The response consists of the lines from the start of the material below through the line holding "Retro Arizona PNG", repeated word for word and without pictures.

________________________________________

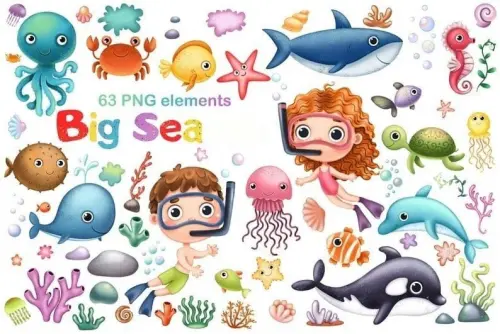 Kit Digital Png Fundo do Mar 01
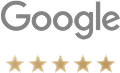 Google logo with five gold stars.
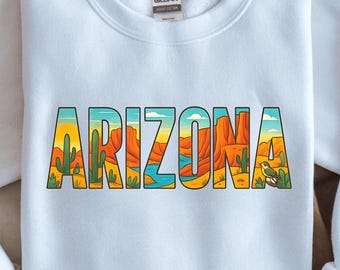 Retro Arizona PNG Clipart: Desert Sunset Typography (Digital Download 4096x4096px 300 DPI)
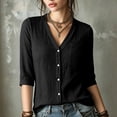 thumbnail image 5 of Women Solid Textured V Neck Button Up Shirt, Three-Quarter Rolled Sleeve Casual Blouse Top With Chest Pocket, Lightweight Breathable Summer Daily Wear Shirts, 5 of 9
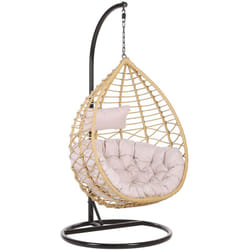 Fauteuil Suspendu en Rotin Beige avec Coussin et Support en Acier Noir pour Usage à l'Intérieur et Extérieur au Design Bohème Très Tendance Beliani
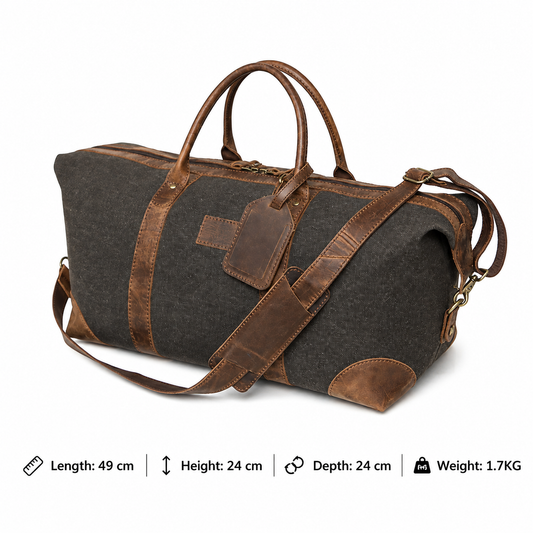 Canvas Leather Duffel Bag Set – Weekender Travel Bag with Matching Toiletry Pouch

________________________________________

* Solution *
 Kit Digital Png Fundo do Mar 01
 Google logo with five gold stars.
 Retro Arizona PNG Clipart: Desert Sunset Typography (Digital Download 4096x4096px 300 DPI)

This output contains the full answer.